Hi ! I am from france We have just visited London with my husband daughters and my parents in august We slept in a flat which we found with airbnb That was great but we were afraid of parking for our car because we did nt know where we could park it...but the landowner explained we had To pay 8 £ per day and that was Ok We had never seen so many buses And all people with bikes ! We founded really dangerous with all vehicules One day sunny and one day rain ! In France we used To sit down quietly to eat but in London everybody eat on a table corner...quickly... Maybe in Paris it s the same in big town everybody don t take time ? We liked really To see all of kinds people with all of kinds clothes it s really interesting and people are really Nice ready To help poor lost tourists

Submitted by Shiiya on Tue, 08/05/2018 - 12:44

Hi , I´ve never been in London , but I really want to go there , actually I am planning my next travels to visit Europe for the first time , and the most want country I would like to know in Europa is England , I wish to visit a lot of sightseing like Big ben and ride London eye . and of course try to speak my english as much as possible I hope to be with my english better when I will go there , unfortunately the pound is the most expensive currency to Exchange in my country .

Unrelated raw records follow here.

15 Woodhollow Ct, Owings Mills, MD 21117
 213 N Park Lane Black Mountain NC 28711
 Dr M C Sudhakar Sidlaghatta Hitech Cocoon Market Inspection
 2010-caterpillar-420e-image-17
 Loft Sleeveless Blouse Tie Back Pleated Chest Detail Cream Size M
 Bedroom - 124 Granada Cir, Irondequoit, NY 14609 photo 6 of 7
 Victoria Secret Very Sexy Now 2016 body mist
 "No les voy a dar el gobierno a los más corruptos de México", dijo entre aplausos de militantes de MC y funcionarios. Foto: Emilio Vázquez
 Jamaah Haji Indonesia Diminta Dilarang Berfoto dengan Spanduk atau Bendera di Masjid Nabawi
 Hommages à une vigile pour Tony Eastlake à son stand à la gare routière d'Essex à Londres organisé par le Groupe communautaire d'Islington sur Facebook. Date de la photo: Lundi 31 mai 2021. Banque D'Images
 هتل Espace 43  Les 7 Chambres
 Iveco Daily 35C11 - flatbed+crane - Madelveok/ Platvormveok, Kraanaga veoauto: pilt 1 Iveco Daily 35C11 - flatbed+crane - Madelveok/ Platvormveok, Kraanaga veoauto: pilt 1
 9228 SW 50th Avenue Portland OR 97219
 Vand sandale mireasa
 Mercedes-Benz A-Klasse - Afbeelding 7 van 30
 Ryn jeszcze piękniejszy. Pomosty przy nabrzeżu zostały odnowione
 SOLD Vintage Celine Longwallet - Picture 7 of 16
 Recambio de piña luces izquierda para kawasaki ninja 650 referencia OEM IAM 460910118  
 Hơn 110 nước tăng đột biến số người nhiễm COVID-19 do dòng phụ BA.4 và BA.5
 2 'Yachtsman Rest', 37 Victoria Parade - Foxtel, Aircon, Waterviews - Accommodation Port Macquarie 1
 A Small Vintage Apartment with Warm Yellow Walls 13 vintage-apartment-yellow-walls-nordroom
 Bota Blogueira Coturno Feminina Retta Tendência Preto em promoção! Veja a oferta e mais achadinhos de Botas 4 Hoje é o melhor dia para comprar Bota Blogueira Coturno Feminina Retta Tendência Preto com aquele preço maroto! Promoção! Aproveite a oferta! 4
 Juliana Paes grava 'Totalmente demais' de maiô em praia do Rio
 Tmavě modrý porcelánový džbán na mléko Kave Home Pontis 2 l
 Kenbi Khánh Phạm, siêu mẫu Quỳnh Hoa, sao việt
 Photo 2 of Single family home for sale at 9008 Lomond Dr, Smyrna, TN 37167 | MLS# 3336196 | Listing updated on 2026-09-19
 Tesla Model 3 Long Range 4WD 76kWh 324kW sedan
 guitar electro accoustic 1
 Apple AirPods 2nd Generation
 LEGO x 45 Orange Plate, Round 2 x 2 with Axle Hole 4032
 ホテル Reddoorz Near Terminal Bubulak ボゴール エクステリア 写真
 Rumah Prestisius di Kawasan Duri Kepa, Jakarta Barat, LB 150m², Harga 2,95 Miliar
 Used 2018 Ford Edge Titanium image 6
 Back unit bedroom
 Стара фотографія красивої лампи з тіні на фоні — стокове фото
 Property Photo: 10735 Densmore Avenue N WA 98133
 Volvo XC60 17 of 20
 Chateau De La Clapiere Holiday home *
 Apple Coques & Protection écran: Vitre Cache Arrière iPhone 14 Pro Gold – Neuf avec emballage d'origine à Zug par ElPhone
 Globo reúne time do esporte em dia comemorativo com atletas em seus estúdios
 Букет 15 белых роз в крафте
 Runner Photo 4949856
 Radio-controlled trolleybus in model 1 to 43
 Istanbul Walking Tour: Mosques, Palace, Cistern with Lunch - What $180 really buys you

Submitted by foofighters12 on Mon, 16/04/2018 - 18:02

I've been to London loads of times I was born in Essex, I've been to Wembley stadium been to a West End Show gone to Concerts, done the Jack the ripper walk been to Wembley Arena and the oppollo.

Submitted by Hal55 on Thu, 12/04/2018 - 03:05

Hello, Everyone I've never been to London. but maybe London is my next place to visit. I want to look around the city and see something typical sights, buildings, fashion so on. I can't wait to visit London.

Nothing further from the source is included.